| Task details |
The response should contain all of the data below, reproduced exactly, and no pictures.

| Exercise data |
——
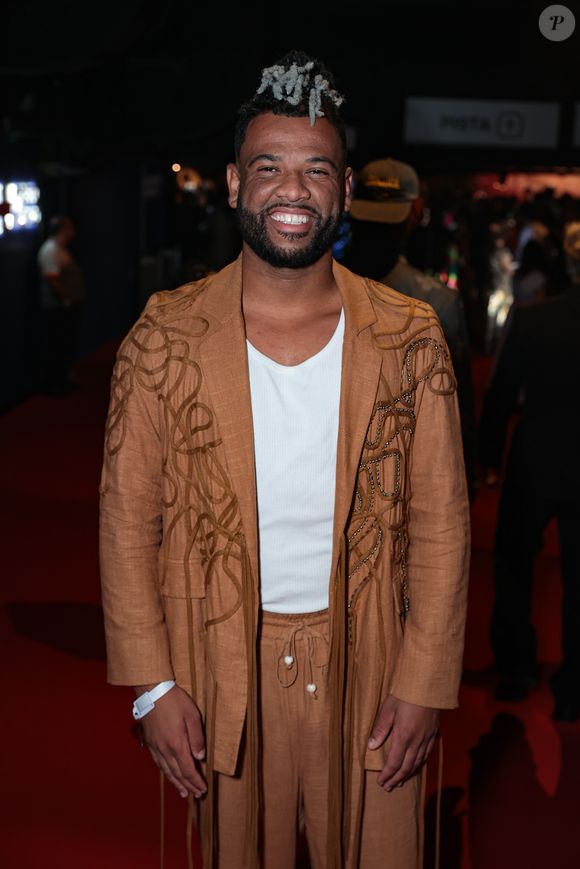 Rene Silva optou por um conjunto de linho em tom ferrugem que une conforto e elegância. O blazer longo possui aplicações de cordões bordados em padrões orgânicos que descem até a barra, criando um efeito visual de textura única. A calça, com amarração de cordão e detalhe de pérola na ponta, reforça o aspecto artesanal da peça
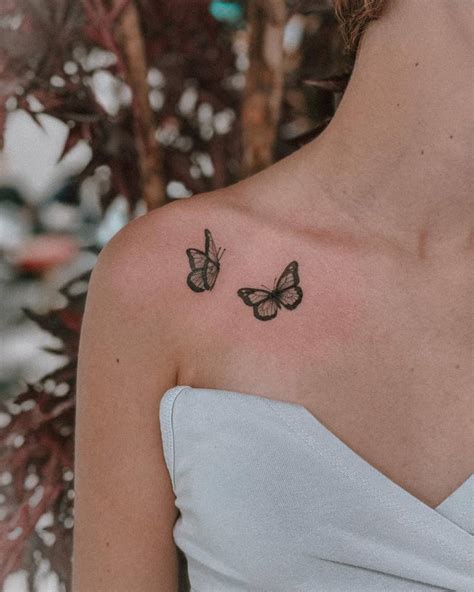 Butterfly Couple Tattoo Located On The Collarbone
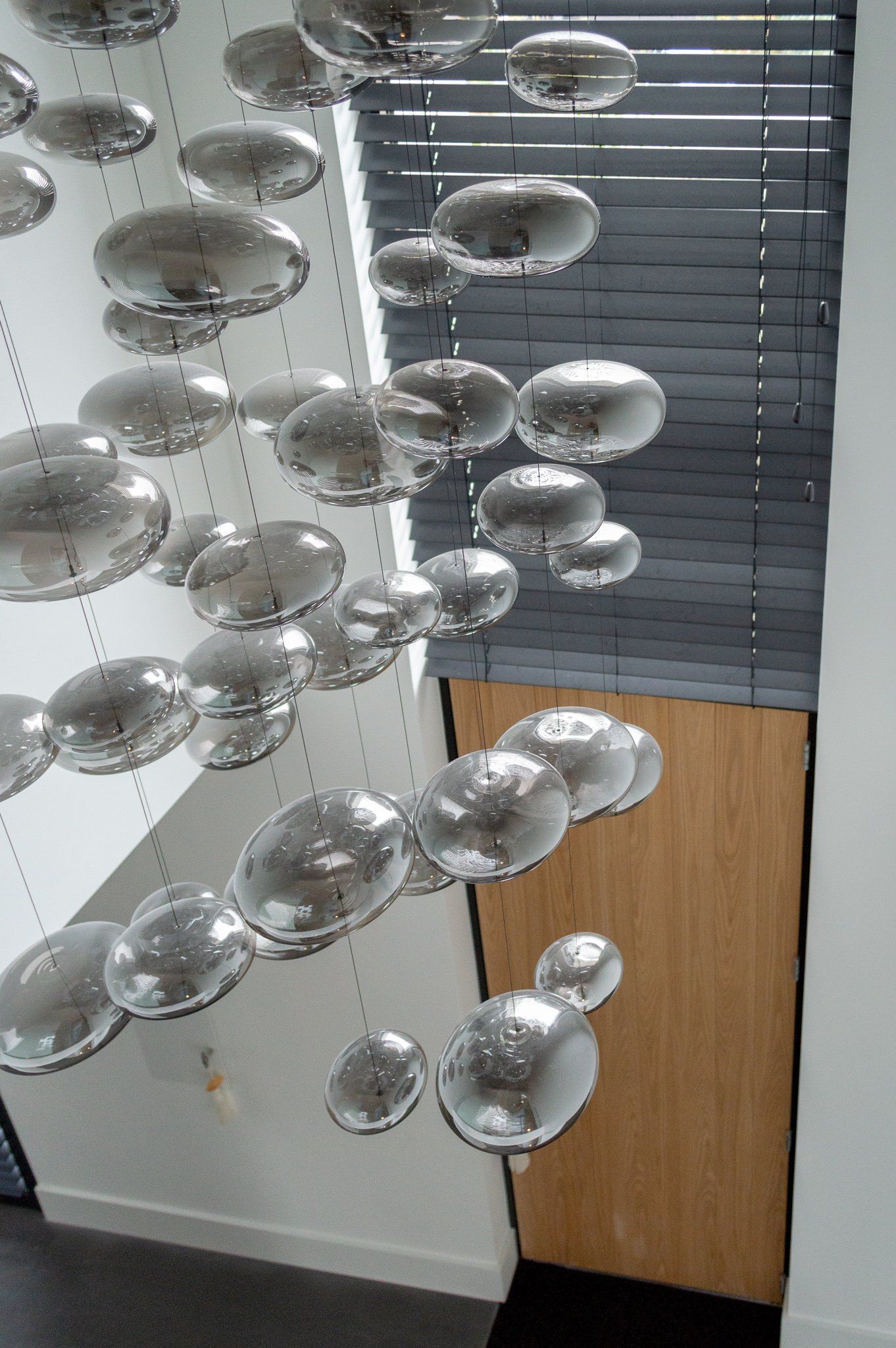 Een bos zilveren ballonnen hangt aan het plafond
——
| Response for this exercise |
 Rene Silva optou por um conjunto de linho em tom ferrugem que une conforto e elegância. O blazer longo possui aplicações de cordões bordados em padrões orgânicos que descem até a barra, criando um efeito visual de textura única. A calça, com amarração de cordão e detalhe de pérola na ponta, reforça o aspecto artesanal da peça
 Butterfly Couple Tattoo Located On The Collarbone
 Een bos zilveren ballonnen hangt aan het plafond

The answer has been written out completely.